= Records drawn from a dataset =
::::
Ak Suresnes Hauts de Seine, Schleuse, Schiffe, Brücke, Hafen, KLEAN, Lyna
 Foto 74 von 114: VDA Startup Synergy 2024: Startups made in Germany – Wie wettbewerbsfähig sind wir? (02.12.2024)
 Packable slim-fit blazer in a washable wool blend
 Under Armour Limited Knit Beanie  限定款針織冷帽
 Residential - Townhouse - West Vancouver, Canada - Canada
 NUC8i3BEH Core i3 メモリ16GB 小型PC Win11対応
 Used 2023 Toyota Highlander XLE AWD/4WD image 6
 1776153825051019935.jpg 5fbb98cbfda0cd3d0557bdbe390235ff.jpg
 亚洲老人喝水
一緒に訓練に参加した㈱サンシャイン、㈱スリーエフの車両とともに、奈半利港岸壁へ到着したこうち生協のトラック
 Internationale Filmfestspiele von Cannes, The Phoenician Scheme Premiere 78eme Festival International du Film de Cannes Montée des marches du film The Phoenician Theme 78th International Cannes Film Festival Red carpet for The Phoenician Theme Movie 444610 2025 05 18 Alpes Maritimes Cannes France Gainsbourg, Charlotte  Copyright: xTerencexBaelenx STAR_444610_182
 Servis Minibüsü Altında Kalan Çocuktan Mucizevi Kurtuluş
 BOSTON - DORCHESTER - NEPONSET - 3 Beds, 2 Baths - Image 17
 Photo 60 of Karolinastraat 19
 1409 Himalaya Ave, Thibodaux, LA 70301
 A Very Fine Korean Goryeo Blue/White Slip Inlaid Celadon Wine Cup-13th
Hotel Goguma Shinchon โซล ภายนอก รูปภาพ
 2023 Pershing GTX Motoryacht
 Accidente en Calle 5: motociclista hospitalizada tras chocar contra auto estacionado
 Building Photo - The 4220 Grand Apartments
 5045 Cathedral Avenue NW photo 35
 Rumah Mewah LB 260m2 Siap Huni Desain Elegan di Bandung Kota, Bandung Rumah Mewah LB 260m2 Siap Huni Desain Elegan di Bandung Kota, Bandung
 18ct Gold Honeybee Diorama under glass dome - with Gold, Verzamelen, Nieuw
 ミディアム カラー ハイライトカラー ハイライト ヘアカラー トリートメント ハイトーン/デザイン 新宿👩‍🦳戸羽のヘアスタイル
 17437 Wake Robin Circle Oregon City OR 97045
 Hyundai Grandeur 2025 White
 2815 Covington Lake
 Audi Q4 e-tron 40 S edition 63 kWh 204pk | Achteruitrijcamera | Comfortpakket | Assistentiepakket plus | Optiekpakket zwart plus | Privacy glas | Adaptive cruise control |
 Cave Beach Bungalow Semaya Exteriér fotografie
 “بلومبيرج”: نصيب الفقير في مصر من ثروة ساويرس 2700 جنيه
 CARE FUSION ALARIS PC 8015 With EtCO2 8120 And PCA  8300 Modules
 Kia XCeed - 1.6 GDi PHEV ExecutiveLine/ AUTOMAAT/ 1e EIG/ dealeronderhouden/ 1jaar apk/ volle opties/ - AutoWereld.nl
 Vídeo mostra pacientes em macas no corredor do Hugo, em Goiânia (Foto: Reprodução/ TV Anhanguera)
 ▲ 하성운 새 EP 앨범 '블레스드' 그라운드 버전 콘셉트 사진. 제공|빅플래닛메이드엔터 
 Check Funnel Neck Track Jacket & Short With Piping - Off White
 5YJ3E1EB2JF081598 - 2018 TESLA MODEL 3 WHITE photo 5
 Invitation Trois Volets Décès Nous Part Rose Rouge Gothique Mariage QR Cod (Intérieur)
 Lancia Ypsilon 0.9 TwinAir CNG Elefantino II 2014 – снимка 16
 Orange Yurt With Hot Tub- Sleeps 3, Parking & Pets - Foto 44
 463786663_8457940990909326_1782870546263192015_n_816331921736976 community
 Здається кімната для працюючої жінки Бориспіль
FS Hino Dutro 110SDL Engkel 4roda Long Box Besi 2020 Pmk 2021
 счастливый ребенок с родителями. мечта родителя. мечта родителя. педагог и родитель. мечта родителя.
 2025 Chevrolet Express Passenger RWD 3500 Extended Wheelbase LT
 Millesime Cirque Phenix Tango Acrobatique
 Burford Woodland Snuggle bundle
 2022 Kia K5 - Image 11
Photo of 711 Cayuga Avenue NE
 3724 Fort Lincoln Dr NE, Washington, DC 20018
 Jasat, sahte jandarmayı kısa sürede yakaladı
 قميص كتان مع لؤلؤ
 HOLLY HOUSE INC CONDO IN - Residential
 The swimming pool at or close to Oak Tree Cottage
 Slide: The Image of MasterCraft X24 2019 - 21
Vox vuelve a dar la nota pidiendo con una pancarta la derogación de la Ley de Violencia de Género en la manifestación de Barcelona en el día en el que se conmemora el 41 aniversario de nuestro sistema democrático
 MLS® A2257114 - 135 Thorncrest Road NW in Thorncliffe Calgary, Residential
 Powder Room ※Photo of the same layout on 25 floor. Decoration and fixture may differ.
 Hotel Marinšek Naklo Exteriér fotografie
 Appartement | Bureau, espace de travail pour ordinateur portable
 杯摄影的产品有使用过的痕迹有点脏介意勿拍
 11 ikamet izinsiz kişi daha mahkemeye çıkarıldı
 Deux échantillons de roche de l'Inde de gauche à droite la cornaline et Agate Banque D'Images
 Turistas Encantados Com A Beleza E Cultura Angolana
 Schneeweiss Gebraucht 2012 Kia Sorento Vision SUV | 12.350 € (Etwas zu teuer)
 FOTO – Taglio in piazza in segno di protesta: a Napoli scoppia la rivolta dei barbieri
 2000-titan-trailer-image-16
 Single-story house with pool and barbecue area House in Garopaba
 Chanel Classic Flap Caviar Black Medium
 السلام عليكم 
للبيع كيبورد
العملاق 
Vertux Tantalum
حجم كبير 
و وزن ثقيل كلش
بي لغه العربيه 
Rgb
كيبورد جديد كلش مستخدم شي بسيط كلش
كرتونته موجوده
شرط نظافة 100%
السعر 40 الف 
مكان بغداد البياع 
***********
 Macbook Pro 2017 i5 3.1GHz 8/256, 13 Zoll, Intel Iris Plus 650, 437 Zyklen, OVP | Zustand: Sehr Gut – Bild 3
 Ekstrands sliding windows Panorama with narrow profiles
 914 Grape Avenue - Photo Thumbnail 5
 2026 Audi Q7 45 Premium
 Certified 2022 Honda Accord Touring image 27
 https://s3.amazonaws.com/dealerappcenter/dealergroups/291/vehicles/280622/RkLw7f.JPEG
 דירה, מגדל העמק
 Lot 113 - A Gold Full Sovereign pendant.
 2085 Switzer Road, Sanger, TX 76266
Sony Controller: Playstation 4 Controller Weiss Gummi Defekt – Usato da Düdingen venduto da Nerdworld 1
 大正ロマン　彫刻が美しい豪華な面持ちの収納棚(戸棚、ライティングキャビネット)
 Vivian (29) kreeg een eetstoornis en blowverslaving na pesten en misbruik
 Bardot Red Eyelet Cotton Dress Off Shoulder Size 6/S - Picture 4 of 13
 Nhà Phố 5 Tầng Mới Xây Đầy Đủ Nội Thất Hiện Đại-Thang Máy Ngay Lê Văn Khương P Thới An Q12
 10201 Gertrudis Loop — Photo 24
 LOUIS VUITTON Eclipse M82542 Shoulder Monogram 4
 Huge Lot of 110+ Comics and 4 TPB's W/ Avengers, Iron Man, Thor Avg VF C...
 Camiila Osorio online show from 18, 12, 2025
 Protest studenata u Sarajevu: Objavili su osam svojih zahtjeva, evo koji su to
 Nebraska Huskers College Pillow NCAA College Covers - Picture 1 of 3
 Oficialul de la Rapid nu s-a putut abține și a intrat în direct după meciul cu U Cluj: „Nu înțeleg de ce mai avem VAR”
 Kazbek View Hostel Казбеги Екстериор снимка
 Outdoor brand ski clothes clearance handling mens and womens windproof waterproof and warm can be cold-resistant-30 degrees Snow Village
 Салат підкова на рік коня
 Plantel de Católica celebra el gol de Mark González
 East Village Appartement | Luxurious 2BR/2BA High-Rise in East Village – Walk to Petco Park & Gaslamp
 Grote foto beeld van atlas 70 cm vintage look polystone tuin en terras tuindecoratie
::::
= Directions for this task =
The response must consist solely of the lines from the top of the records through the line holding "Under Armour Limited", copied word for word.

= Solution for this task =
Ak Suresnes Hauts de Seine, Schleuse, Schiffe, Brücke, Hafen, KLEAN, Lyna
 Foto 74 von 114: VDA Startup Synergy 2024: Startups made in Germany – Wie wettbewerbsfähig sind wir? (02.12.2024)
 Packable slim-fit blazer in a washable wool blend
 Under Armour Limited Knit Beanie  限定款針織冷帽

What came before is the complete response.